▶ **The records**

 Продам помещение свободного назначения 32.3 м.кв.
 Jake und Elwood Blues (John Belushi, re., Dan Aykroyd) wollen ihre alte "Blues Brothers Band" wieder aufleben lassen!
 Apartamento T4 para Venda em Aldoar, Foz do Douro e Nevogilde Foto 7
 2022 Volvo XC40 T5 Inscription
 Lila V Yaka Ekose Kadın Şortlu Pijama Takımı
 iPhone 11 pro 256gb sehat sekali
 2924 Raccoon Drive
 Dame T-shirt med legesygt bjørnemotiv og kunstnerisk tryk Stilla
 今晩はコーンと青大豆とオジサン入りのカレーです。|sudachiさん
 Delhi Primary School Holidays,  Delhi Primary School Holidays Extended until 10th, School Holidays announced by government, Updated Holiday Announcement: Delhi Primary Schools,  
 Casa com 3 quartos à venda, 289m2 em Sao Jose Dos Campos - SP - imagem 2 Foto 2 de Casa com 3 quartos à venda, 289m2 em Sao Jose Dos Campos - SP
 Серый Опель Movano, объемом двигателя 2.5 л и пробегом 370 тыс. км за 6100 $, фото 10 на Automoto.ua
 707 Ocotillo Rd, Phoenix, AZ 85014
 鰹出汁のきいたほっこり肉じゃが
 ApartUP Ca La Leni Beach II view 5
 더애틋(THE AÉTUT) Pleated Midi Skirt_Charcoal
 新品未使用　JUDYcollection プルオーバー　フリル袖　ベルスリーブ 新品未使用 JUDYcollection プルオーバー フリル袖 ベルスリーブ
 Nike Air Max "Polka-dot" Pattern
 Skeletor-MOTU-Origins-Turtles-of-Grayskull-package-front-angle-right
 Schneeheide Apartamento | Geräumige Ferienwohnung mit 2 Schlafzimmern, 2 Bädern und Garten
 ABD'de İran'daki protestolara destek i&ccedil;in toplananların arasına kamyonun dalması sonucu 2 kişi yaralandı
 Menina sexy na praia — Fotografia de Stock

▶ **Work item**
From the entries above, pull out each line that includes "Apartamento".

▶ **Written response**
 Apartamento T4 para Venda em Aldoar, Foz do Douro e Nevogilde Foto 7
 Schneeheide Apartamento | Geräumige Ferienwohnung mit 2 Schlafzimmern, 2 Bädern und Garten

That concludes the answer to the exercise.